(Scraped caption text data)
<<<<
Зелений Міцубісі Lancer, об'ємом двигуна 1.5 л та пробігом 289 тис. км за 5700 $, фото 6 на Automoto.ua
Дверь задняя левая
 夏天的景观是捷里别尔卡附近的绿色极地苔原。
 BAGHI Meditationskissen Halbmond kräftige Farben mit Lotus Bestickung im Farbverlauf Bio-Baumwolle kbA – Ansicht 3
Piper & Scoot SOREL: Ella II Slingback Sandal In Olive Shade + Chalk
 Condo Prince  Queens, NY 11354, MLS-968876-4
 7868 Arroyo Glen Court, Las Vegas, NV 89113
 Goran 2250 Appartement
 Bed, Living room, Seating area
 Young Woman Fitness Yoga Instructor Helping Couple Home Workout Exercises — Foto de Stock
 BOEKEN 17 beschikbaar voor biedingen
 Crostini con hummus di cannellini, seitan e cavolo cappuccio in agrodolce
>>>>
*Problem requirements*.
The response should be the lines from the one containing "7868 Arroyo Glen Court, Las Vegas, NV 89113" through the last line of the data, set down exactly and with no other line.

*Exercise output*.
 7868 Arroyo Glen Court, Las Vegas, NV 89113
 Goran 2250 Appartement
 Bed, Living room, Seating area
 Young Woman Fitness Yoga Instructor Helping Couple Home Workout Exercises — Foto de Stock
 BOEKEN 17 beschikbaar voor biedingen
 Crostini con hummus di cannellini, seitan e cavolo cappuccio in agrodolce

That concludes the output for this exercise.